Valid SAS variable names are up to 32 characters long. The first character must be a letter or underscore—the remaining characters can be letters, digits, or underscores. You are free to use upper- or lowercase letters.
As an example of a worksheet with invalid variable names, look at the worksheet Grades2 shown in Figure 5.15.
Figure 5.15: List of Excel Workbook Grades2
Most of the column headings in this spreadsheet are not valid SAS variable names. Six of them contain a blank in the middle of the name, and the last column (2015Final) starts with a digit. What happens when you import this worksheet? Because you now know how to use the Import Data task, it is not necessary to describe the import task again. All you really need to see is the final list of variables in the data set. Here they are:
Figure 5.16: Variable Names in the Grades2 SAS Data Set
SAS replaced all the blanks with underscores and added an underscore as the first character in the 2015Final name to create valid SAS variable names. Note: the option to use column labels as column headings was deselected so that you could see the actual variable names.

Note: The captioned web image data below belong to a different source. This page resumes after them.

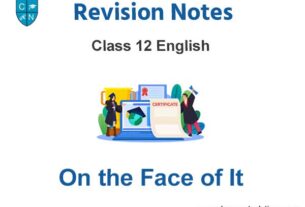 On the Face of It summary Class 12 English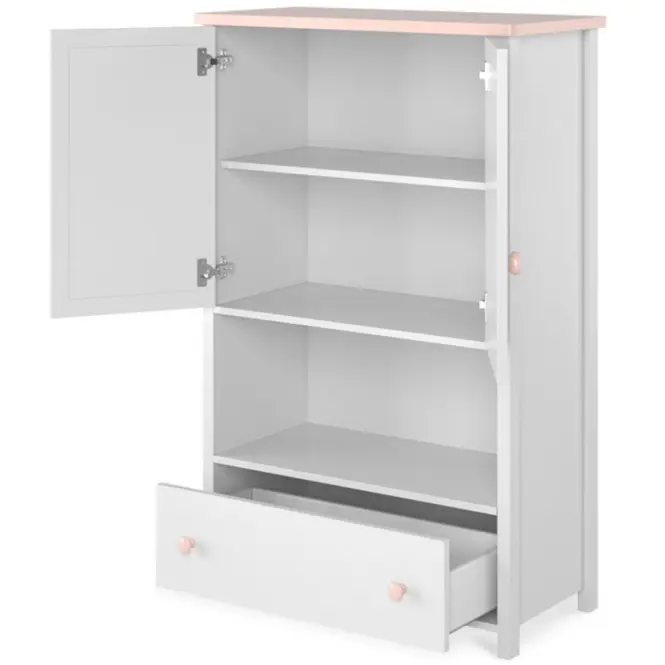 Komód 2D1S Luna LN-11 fehér/rózsaszín,3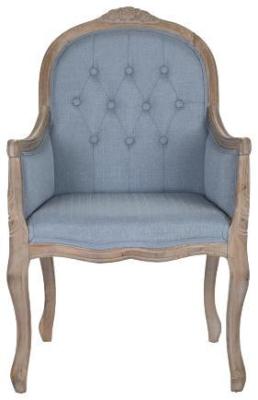 Traditional Blue And Natural Fabric Armchair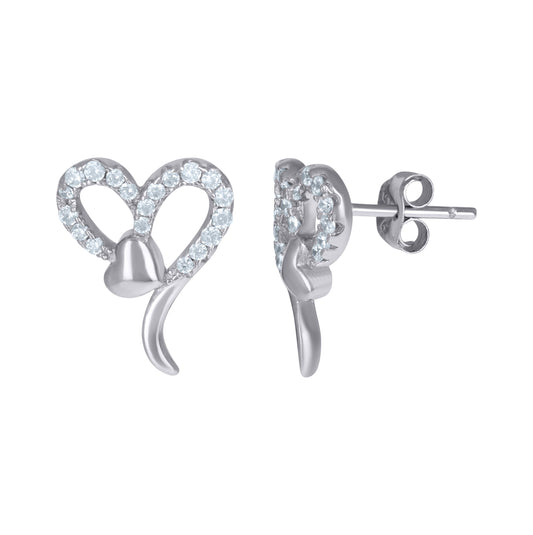 Sterling Silver Womens Cubic-Zirconia Heart Love & Heart Stud Earrings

Importing an Excel Workbook That Does Not Have Column Headings
What if the first row of your worksheet does not contain column headings (variable names)? You have two choices: First, you can edit the worksheet and insert a row with column headings (probably the best option). The other option is to deselect “Create Variable Names” in the OPTIONS section in the Import Window (see Figure 5.17) and let SAS create variable names for you.

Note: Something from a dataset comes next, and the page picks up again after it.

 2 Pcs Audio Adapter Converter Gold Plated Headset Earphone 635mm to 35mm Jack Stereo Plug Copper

Figure 5.17: Uncheck the Create Variable Names Option
Here is the result:
Figure 5.18: Variable Names Generated by SAS
SAS used the Excel column identifiers (A through F) as variable names. You can leave these variable names as they are or change them using DATA step programming. Another option is to use PROC DATASETS, a SAS procedure that enables you to alter various attributes of a SAS data set without having to create a new copy of the data set.
When you import a CSV file without variable names, you will see variable names VAR1, VAR2, and so on, that are generated by SAS.
Importing Data from a CSV File
Comma-separated values (CSV) files are a popular format for external data files. As the name implies, CSV files use commas as data delimiters. Many websites enable you to download data as CSV files. As with Excel workbooks, your CSV file may or may not contain variable names at the beginning of the file. If the file does contain variable names, make sure that the “Generate SAS Variable Names” options box is checked; if not, deselect this option.
For example, look at the CSV file called Grades.csv in Figure 5.19 below:
Figure 5.19: CSV File Grades.csv
This CSV file contains the same data as the Excel Workbook Grades.xlsx. Notice that variable names are included in the file. You can import this file and create a SAS data set using the same steps that you used to import the Excel workbook. The import facility will automatically use the correct code to import this data file because of the CSV file extension. The resulting SAS data set is identical to the one shown in Figure 5.14.
Shared Folders (Accessing Data from Anywhere on Your Hard Drive)
When you follow the instructions in setting up SAS Studio, a default folder referred to in SAS Studio as /folders/myfolders allows you to read data from the folder called \SASUniversityEdition\myfolders on your hard drive. If this is the only place where you plan to read data, you do not need to create any other shared folders in your virtual computer.
If you need to read data from other locations on your hard drive, please see the relevant sections in SAS documentation.
Conclusion
In this chapter, you saw how to import data from Excel workbooks and CSV files. Importing data from any of the other choices displayed in Figure 5.3 follows the same basic procedure. If you need to read data from text files, you will need to learn some basic SAS programming, especially how to use the INPUT statement, one of the most powerful and versatile components of the SAS system.